EXERCISE INPUTS
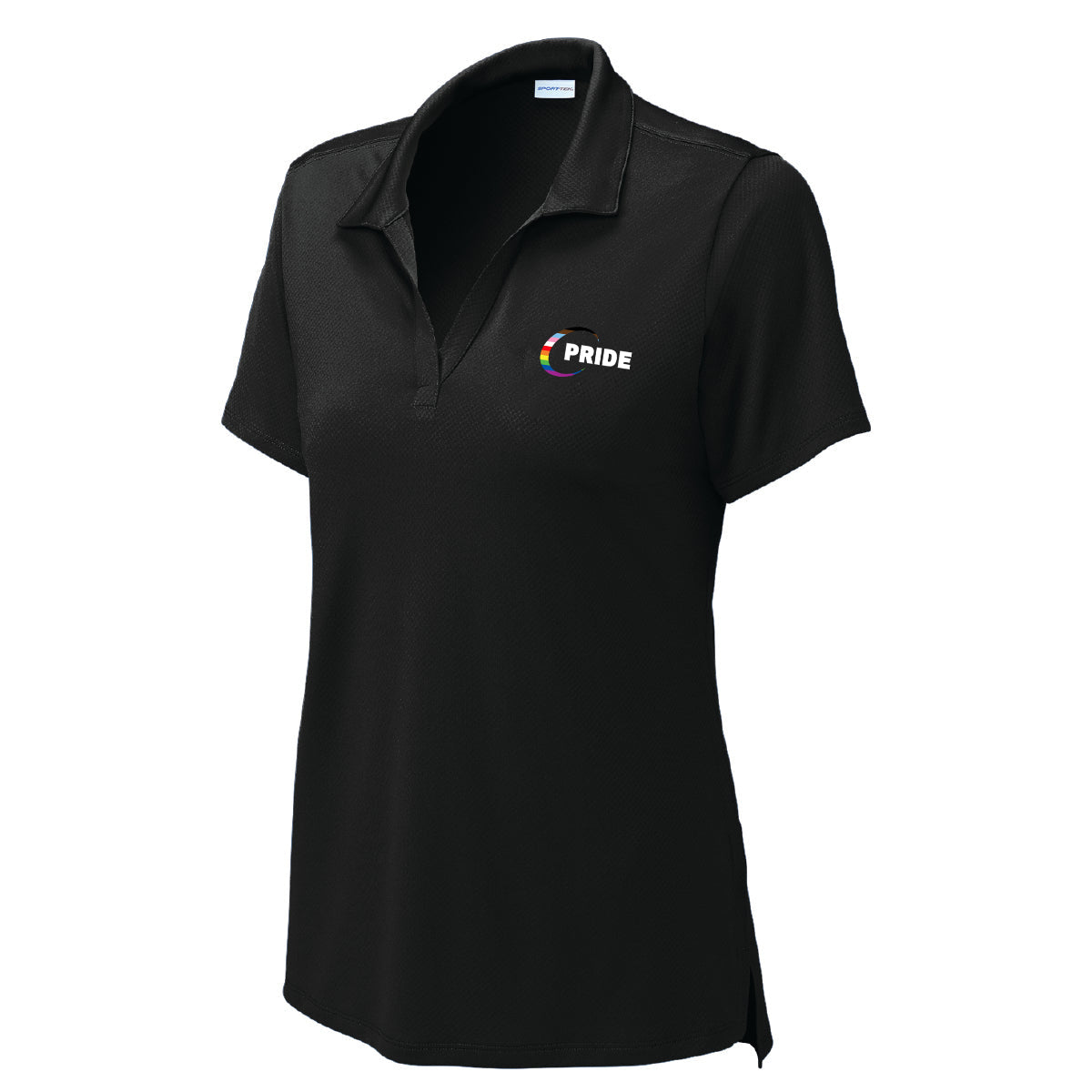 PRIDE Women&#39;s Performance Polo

--

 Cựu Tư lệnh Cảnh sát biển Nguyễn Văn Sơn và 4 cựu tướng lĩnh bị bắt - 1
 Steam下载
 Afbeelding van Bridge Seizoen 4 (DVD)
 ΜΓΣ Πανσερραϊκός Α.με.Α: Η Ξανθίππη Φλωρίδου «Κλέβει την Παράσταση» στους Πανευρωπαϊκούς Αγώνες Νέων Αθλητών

TASK GOAL
Write down, word for word, the lines above from the one containing "Afbeelding van Bridge Seizoen 4 (DVD)" through the one containing "ΜΓΣ Πανσερραϊκός Α.με.Α: Η", both ends included.

EXPECTED OUTPUT
 Afbeelding van Bridge Seizoen 4 (DVD)
 ΜΓΣ Πανσερραϊκός Α.με.Α: Η Ξανθίππη Φλωρίδου «Κλέβει την Παράσταση» στους Πανευρωπαϊκούς Αγώνες Νέων Αθλητών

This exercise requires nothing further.